By Megan K. Mertz
ST. LOUIS — At its Oct. 16-17 meeting here, the LCMS Board for International Mission (BIM) voted to issue calls or solemn appointments to 14 individuals and accompanying spouses. Of these, six are transfers or internal changes for families already serving on the mission field.
The missionaries will serve in a variety of roles in the Africa, Latin America, Eurasia and Asia Pacific regions.
“Probably the most important thing we do as a board is call our missionaries,” said BIM Chairman Rev. Bernhard Seter. “It is always a privilege to prayerfully consider these calls and remember that we also make these considerations on behalf of the church. The church decided many years ago that we send missionaries through a Synod board so we are all in this together.”
“We take all the overtures and convention resolutions seriously,” Seter continued, “for all the folks in the pew and for the missionaries themselves the message is important: the church sent you, the church will care for you, the church prays for you.”
Caring for missionaries
In addition to sending missionaries, the BIM members also are concerned with the support of missionaries throughout their service.
During the meeting, the Rev. Dr. Edward Grimenstein, associate executive director for the LCMS Office of International Mission (OIM), demonstrated a new tool that his department has created for missionaries.
The digital Missionary Care Chart “encapsulates almost every single moment in which a person in this building is caring for missionaries on the field,” he said.
Missionaries can use this tool to find the right contact person for any issue they are facing. It includes staff people from five areas: Recruitment, Missionary Services, OIM regional directors and business managers, Communications and Mission Advancement.

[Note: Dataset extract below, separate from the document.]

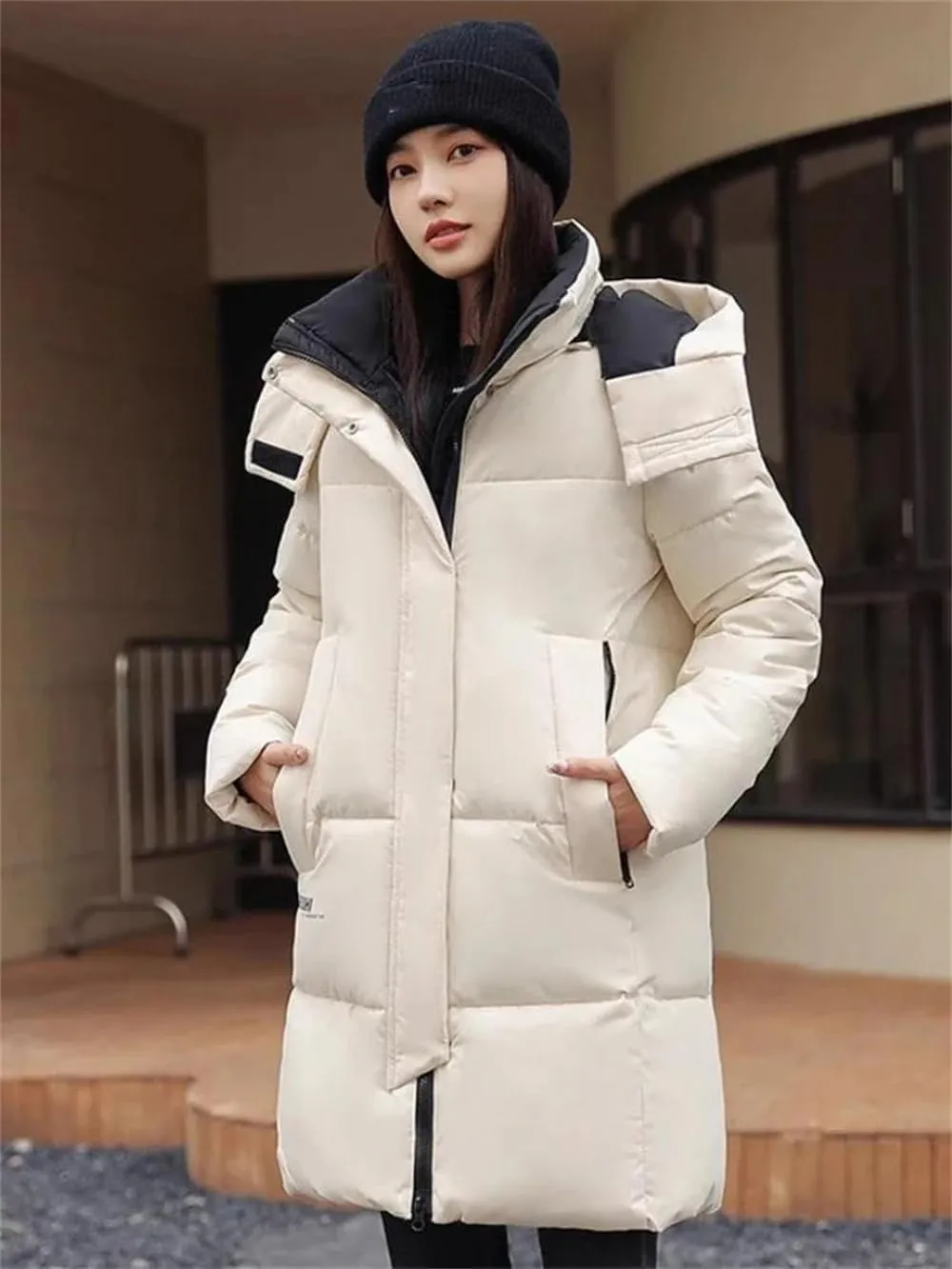 Pulcykp Women Thickend Down Cotton Jacket Winter Warm Mid-Length Cotton-Padded Warm Coat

“One of the desires in creating this document was to provide transparency,” Grimenstein said. “We’re very proud of work that we do here in Synod. We’re never trying to hide it. If anything, we want it to shine, to let people know how we’re caring for missionaries.”
Grimenstein also detailed other procedures LCMS International Center staff members have put in place to care for missionaries at every stage of their journey. This includes children’s and spouses’ programs that have been added to new-missionary orientation, a two-day DOXOLOGY retreat geared specifically for missionaries who are preparing to move to the mission field, and extended benefits for missionaries who are transitioning back to the United States.

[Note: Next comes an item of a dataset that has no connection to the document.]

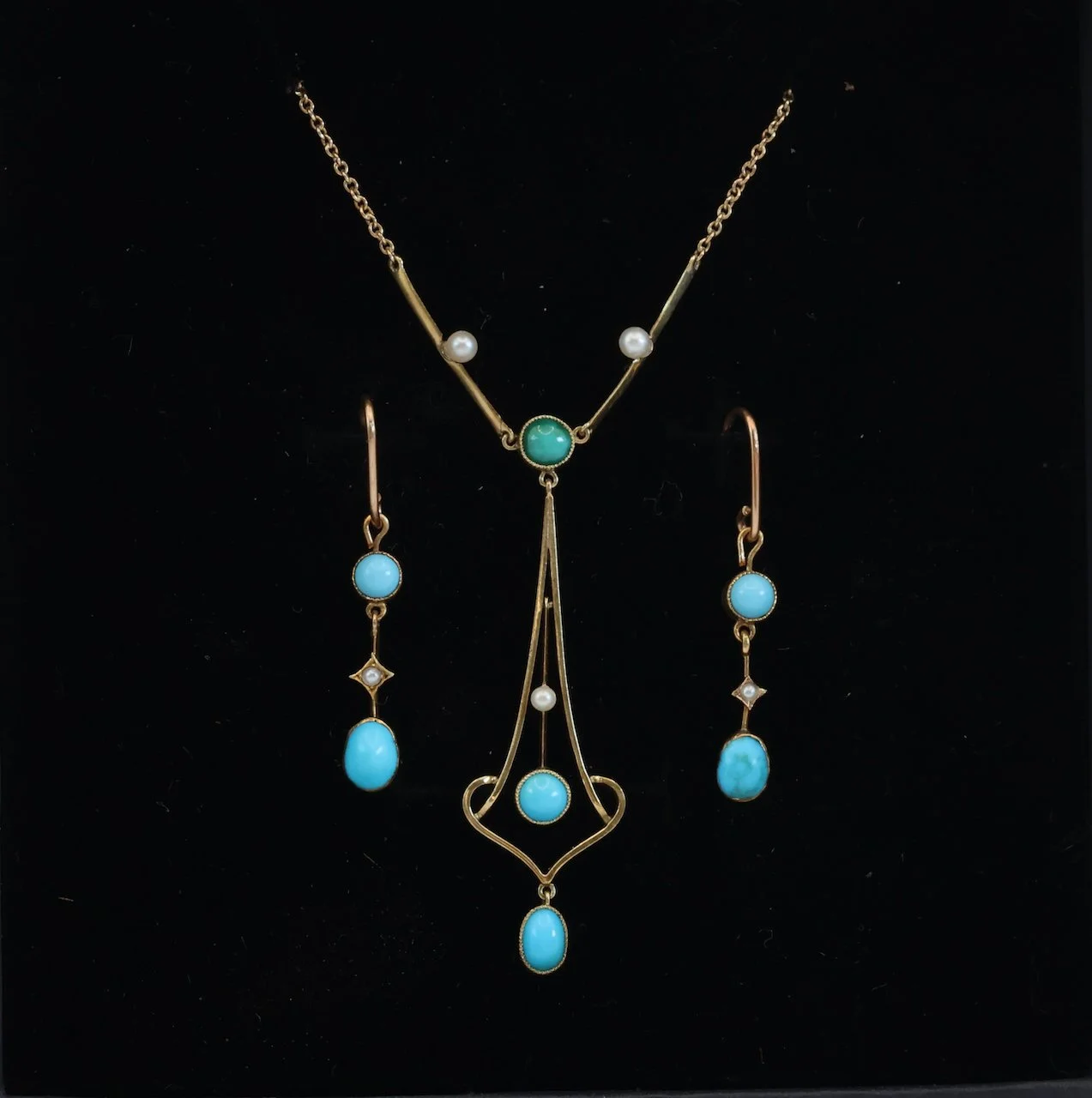 Art Nouveau Gold, Turquoise & Seed Pearl Necklace & Earring Set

LCMS international schools report
At its meeting in May, the BIM agreed to devote time at this October meeting to discussion of the Synod’s three international schools: Hong Kong International School, Concordia International School Hanoi and Concordia International School Shanghai.
The three heads of these schools — as well as the executive director of the Asia Lutheran Education Association (ALEA) — attended the meeting to report on their organizations.
Alan Runge, head of school at Hong Kong International School, reported on the growth of the school since it first opened with 190 students in 1966. This school year, it will celebrate its 50th year. When construction on the lower primary building is completed in fall 2017, the school expects to have approximately 3,000 students between early childhood and 12th grade.
Head of School Gregg Pinick of Concordia International School Shanghai said his school has grown to an enrollment of 1,200 since it was founded in 1998 by Dr. Allan Schmidt. Pinick also spoke about the community centers the school helped start for the benefit of the expatriate community in Shanghai. These centers offer classes and information for people who are adjusting to life in a foreign country.
Steven Winkelman, head of school at Concordia International School Hanoi — the youngest of the three schools — told the board about the construction underway at the new campus. The school currently has some 230 students, but Winkelman expects that to expand to 425 when the first phase of the new campus opens in June 2016.
Although the context of each school is different, all three heads of school talked about their great emphasis on service learning. They also mentioned the challenge of attracting rostered LCMS teachers and said they hope to be able to add more of them in the future.
Karin Semler, executive director of ALEA, also attended the meeting to introduce the organization, which aims to connect 250-plus Lutheran schools in the region that are serving more than 100,000 students. This number includes 85 schools in Australia, 83 in India and 45 in Hong Kong, among others.
Semler said ALEA’s purpose is to help connect Lutheran schools and Lutheran educators in Asia to each other, while assisting in the establishment of more Lutheran schools throughout the region.
“We’re our best resources,” she said. “My hope is that … we’re creating a self-sustaining Asian network that’s growing.”
“The work and witness of the international schools has been for many an open secret,” Seter said. “They have an amazing story to tell, and we need to extend ways that the story may be told. What they need is qualified and motivated Lutheran teachers.”